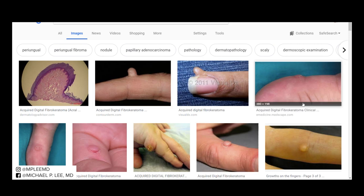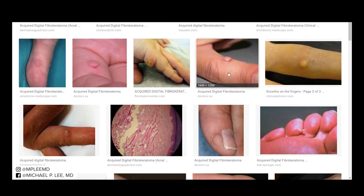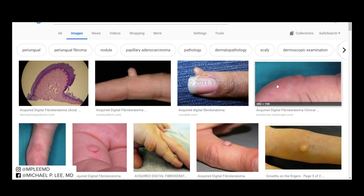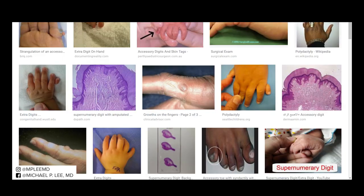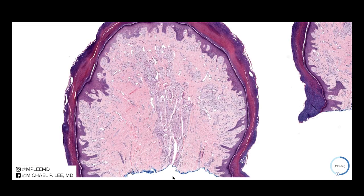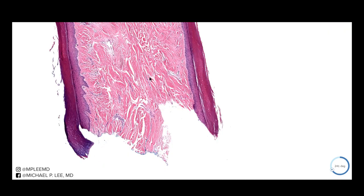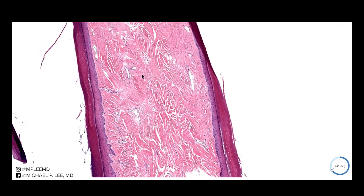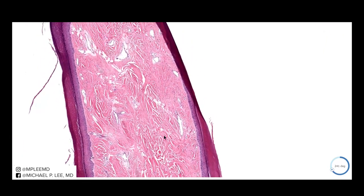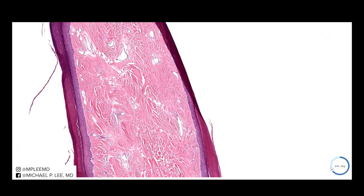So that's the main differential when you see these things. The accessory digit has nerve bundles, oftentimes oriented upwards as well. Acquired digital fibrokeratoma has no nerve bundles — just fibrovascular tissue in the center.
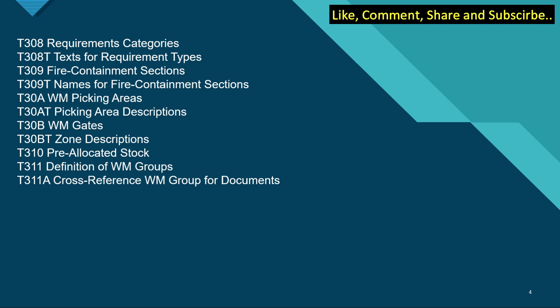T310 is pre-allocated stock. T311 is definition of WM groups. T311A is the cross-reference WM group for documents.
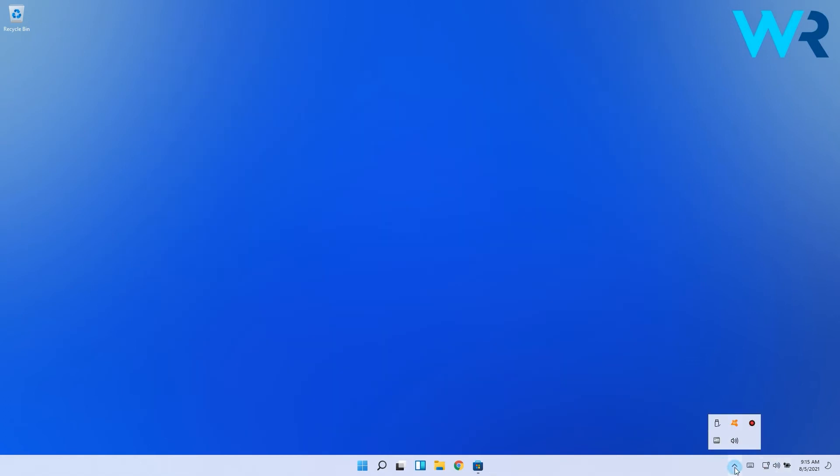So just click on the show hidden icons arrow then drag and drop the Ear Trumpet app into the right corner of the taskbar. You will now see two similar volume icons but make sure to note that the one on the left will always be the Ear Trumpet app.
○ ○ ○
> Exercise prompt
All of the material above should be copied exactly, minus the pictures.

> Output
So that's the main differential when you see these things. The accessory digit has nerve bundles, oftentimes oriented upwards as well. Acquired digital fibrokeratoma has no nerve bundles — just fibrovascular tissue in the center.
T310 is pre-allocated stock. T311 is definition of WM groups. T311A is the cross-reference WM group for documents.
So just click on the show hidden icons arrow then drag and drop the Ear Trumpet app into the right corner of the taskbar. You will now see two similar volume icons but make sure to note that the one on the left will always be the Ear Trumpet app.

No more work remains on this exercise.